> Exercise
Copy out, unchanged, every line from the start of the records to the line that contains "Persiapan Mengganti Sol", and stop there.

> Input records
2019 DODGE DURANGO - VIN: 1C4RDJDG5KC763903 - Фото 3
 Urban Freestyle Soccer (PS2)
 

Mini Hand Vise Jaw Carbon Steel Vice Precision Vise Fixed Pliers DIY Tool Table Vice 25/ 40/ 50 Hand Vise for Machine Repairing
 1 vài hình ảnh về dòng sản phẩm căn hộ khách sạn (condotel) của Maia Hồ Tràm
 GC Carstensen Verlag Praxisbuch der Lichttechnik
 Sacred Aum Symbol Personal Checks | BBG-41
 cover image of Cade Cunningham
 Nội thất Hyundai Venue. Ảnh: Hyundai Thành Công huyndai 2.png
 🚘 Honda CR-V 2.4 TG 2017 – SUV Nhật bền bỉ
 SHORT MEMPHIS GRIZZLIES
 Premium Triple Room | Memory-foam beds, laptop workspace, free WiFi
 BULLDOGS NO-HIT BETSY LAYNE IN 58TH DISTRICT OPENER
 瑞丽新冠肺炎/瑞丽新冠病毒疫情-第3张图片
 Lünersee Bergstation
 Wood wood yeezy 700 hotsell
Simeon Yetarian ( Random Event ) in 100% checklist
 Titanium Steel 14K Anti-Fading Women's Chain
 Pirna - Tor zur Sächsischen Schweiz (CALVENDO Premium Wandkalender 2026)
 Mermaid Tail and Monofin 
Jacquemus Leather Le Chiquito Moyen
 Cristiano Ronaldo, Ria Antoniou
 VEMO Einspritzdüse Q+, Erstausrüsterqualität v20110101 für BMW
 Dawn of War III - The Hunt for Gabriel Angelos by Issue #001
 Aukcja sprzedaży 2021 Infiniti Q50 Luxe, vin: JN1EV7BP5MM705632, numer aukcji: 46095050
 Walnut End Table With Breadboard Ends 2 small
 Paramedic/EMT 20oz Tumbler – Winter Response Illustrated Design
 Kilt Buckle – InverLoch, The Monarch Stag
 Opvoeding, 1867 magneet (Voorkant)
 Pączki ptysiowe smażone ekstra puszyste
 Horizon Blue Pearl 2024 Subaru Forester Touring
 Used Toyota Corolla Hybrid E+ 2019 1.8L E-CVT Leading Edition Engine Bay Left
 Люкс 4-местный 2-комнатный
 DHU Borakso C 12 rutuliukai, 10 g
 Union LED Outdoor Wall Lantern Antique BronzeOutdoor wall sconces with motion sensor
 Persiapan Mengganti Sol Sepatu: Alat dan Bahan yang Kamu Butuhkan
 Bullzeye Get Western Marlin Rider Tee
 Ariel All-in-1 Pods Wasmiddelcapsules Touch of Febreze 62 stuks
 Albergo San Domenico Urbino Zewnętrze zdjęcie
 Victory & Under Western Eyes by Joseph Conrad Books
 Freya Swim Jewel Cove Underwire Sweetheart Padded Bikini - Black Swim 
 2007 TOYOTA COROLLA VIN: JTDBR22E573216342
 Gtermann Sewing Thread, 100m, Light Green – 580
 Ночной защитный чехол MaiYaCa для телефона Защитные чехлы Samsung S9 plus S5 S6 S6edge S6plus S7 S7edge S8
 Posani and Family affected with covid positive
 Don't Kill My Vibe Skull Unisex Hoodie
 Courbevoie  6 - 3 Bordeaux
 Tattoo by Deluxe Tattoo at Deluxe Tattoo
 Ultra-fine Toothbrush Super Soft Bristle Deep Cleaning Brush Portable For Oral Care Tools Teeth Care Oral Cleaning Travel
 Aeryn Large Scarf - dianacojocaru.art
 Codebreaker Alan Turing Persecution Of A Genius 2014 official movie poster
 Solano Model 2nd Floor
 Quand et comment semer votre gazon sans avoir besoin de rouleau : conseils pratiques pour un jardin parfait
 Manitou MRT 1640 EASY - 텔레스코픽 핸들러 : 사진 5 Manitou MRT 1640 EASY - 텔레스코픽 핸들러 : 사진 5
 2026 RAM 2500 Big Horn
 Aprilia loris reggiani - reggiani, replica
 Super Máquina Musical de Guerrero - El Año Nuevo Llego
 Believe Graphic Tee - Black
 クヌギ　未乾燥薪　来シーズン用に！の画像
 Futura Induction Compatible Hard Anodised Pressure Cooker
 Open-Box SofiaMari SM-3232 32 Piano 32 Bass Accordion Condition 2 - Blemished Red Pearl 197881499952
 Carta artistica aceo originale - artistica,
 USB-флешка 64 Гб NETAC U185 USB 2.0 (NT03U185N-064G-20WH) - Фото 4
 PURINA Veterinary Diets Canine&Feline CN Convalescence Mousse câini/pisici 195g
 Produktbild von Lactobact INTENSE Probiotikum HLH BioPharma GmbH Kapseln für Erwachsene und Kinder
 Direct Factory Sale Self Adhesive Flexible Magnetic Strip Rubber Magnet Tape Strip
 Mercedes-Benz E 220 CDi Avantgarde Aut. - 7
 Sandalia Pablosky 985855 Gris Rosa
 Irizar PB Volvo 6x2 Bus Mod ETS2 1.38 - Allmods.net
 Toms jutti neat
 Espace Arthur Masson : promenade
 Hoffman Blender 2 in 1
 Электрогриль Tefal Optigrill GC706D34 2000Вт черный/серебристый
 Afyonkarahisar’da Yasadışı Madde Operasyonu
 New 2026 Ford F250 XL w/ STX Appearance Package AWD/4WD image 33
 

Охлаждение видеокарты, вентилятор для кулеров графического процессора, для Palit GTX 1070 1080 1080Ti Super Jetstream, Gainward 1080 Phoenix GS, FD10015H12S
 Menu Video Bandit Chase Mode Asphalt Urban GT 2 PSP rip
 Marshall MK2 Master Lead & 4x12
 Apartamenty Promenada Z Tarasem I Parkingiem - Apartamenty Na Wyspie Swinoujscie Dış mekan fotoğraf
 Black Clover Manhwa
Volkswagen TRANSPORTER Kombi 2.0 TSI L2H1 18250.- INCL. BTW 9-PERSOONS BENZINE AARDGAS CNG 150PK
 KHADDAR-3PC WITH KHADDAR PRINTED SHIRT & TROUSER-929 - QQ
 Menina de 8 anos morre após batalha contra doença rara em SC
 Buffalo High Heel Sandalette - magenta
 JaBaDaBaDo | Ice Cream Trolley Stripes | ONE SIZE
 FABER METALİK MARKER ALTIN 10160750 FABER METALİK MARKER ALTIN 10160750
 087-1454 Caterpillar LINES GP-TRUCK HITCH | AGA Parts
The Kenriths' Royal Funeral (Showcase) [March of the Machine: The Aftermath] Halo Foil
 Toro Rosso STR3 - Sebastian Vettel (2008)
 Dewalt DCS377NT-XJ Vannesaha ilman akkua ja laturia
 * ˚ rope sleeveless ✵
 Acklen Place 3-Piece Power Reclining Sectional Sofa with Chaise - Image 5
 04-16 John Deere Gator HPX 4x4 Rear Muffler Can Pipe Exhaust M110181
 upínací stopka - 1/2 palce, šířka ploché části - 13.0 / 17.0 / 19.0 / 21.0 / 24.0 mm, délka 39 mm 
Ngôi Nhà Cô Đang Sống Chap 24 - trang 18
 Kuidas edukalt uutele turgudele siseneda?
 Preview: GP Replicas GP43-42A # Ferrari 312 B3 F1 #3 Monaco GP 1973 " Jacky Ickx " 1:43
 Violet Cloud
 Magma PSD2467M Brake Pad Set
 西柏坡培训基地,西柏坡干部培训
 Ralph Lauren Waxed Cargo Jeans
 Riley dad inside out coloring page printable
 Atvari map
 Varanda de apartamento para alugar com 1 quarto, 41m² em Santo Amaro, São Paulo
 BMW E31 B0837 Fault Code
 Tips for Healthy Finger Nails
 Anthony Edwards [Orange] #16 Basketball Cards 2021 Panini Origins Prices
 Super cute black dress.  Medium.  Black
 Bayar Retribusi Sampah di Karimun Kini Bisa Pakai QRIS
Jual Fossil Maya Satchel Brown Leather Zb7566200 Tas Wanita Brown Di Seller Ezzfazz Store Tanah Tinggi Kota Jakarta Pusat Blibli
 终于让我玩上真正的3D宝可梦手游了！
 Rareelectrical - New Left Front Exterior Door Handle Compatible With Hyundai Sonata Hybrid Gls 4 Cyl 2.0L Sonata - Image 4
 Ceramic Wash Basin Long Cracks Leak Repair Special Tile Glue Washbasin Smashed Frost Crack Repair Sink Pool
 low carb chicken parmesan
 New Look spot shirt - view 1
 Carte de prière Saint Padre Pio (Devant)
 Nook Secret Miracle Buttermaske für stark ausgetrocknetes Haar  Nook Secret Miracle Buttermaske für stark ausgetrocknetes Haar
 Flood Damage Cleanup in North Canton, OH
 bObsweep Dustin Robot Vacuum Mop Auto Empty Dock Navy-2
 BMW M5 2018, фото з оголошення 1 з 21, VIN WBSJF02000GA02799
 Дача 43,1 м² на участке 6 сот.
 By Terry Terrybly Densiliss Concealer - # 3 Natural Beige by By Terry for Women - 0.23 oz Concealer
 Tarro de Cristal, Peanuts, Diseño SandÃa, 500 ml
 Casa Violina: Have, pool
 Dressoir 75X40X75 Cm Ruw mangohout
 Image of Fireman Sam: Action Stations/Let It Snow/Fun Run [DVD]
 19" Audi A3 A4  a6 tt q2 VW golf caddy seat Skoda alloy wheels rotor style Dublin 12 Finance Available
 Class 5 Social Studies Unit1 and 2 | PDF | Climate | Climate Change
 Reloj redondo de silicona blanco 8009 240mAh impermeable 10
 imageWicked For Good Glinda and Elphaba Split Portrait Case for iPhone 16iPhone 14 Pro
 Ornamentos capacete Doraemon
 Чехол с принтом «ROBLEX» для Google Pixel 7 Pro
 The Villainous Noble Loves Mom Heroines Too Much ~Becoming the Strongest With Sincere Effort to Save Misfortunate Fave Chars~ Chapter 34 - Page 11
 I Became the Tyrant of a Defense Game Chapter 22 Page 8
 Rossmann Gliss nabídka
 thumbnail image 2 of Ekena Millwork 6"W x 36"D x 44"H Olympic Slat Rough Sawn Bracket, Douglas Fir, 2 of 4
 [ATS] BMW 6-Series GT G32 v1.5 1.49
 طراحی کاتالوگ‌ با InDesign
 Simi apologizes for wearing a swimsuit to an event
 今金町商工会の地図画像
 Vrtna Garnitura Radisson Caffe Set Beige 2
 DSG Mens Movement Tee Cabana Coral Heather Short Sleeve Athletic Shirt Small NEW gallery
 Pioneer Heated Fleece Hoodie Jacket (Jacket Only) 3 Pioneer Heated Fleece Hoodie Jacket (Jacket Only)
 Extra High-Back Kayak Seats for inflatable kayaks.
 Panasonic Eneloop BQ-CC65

> Problem solution
2019 DODGE DURANGO - VIN: 1C4RDJDG5KC763903 - Фото 3
 Urban Freestyle Soccer (PS2)
 

Mini Hand Vise Jaw Carbon Steel Vice Precision Vise Fixed Pliers DIY Tool Table Vice 25/ 40/ 50 Hand Vise for Machine Repairing
 1 vài hình ảnh về dòng sản phẩm căn hộ khách sạn (condotel) của Maia Hồ Tràm
 GC Carstensen Verlag Praxisbuch der Lichttechnik
 Sacred Aum Symbol Personal Checks | BBG-41
 cover image of Cade Cunningham
 Nội thất Hyundai Venue. Ảnh: Hyundai Thành Công huyndai 2.png
 🚘 Honda CR-V 2.4 TG 2017 – SUV Nhật bền bỉ
 SHORT MEMPHIS GRIZZLIES
 Premium Triple Room | Memory-foam beds, laptop workspace, free WiFi
 BULLDOGS NO-HIT BETSY LAYNE IN 58TH DISTRICT OPENER
 瑞丽新冠肺炎/瑞丽新冠病毒疫情-第3张图片
 Lünersee Bergstation
 Wood wood yeezy 700 hotsell
Simeon Yetarian ( Random Event ) in 100% checklist
 Titanium Steel 14K Anti-Fading Women's Chain
 Pirna - Tor zur Sächsischen Schweiz (CALVENDO Premium Wandkalender 2026)
 Mermaid Tail and Monofin 
Jacquemus Leather Le Chiquito Moyen
 Cristiano Ronaldo, Ria Antoniou
 VEMO Einspritzdüse Q+, Erstausrüsterqualität v20110101 für BMW
 Dawn of War III - The Hunt for Gabriel Angelos by Issue #001
 Aukcja sprzedaży 2021 Infiniti Q50 Luxe, vin: JN1EV7BP5MM705632, numer aukcji: 46095050
 Walnut End Table With Breadboard Ends 2 small
 Paramedic/EMT 20oz Tumbler – Winter Response Illustrated Design
 Kilt Buckle – InverLoch, The Monarch Stag
 Opvoeding, 1867 magneet (Voorkant)
 Pączki ptysiowe smażone ekstra puszyste
 Horizon Blue Pearl 2024 Subaru Forester Touring
 Used Toyota Corolla Hybrid E+ 2019 1.8L E-CVT Leading Edition Engine Bay Left
 Люкс 4-местный 2-комнатный
 DHU Borakso C 12 rutuliukai, 10 g
 Union LED Outdoor Wall Lantern Antique BronzeOutdoor wall sconces with motion sensor
 Persiapan Mengganti Sol Sepatu: Alat dan Bahan yang Kamu Butuhkan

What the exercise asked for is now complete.